--- RECORDED INFORMATION Enclosed Below ---

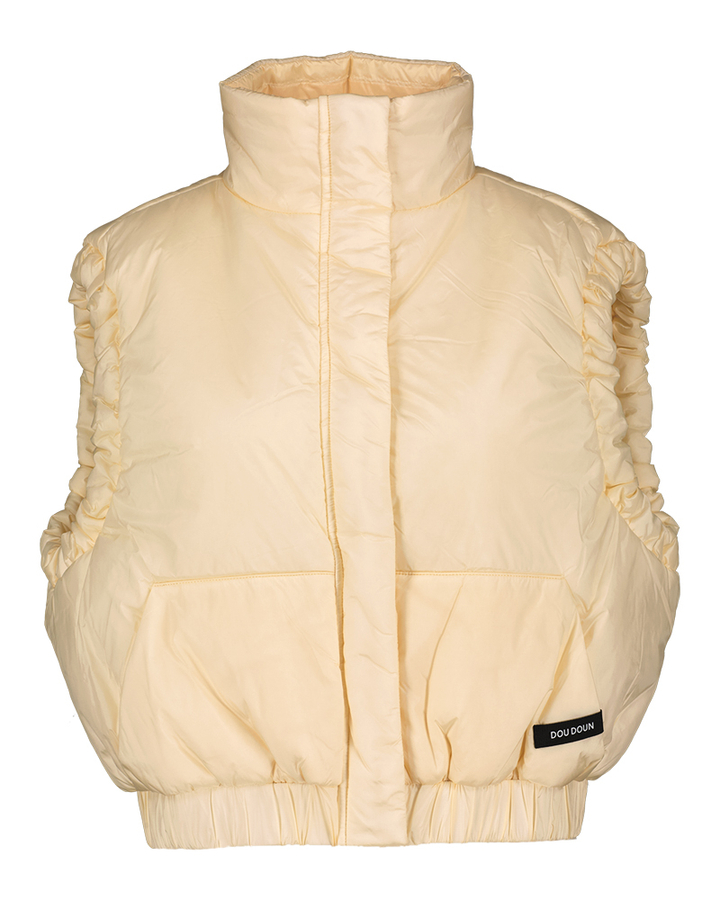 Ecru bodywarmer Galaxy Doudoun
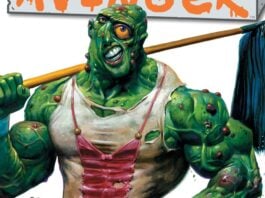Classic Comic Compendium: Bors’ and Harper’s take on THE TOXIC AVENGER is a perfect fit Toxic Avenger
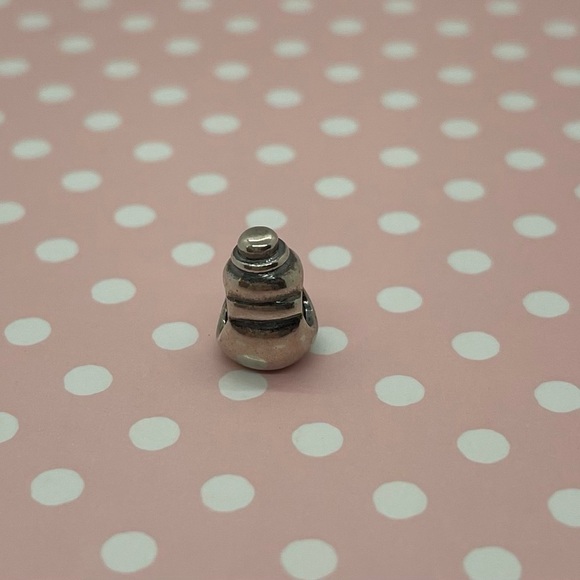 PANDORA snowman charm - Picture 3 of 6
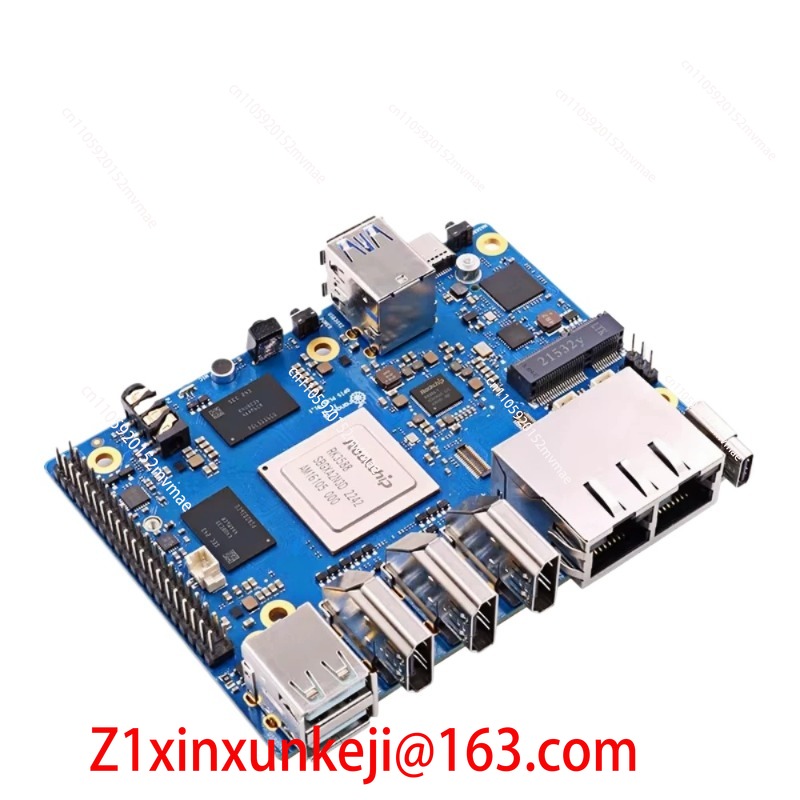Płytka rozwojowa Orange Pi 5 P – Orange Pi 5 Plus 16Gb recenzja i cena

--- End of Enclosed RECORDED INFORMATION ---
--- RECORDED INFORMATION Enclosed Below ---

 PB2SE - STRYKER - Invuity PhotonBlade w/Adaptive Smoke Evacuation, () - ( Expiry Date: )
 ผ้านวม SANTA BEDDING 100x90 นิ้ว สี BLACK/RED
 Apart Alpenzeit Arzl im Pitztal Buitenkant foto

--- End of Enclosed RECORDED INFORMATION ---

▶ _TASK TO CARRY OUT_:
Transcribe the lines above exactly, beginning at the one with "Classic Comic Compendium: Bors’" and ending at the one with "Płytka rozwojowa Orange". Include both; exclude the pictures.

▶ _OUTPUT BELOW_:
Classic Comic Compendium: Bors’ and Harper’s take on THE TOXIC AVENGER is a perfect fit Toxic Avenger
 PANDORA snowman charm - Picture 3 of 6
Płytka rozwojowa Orange Pi 5 P – Orange Pi 5 Plus 16Gb recenzja i cena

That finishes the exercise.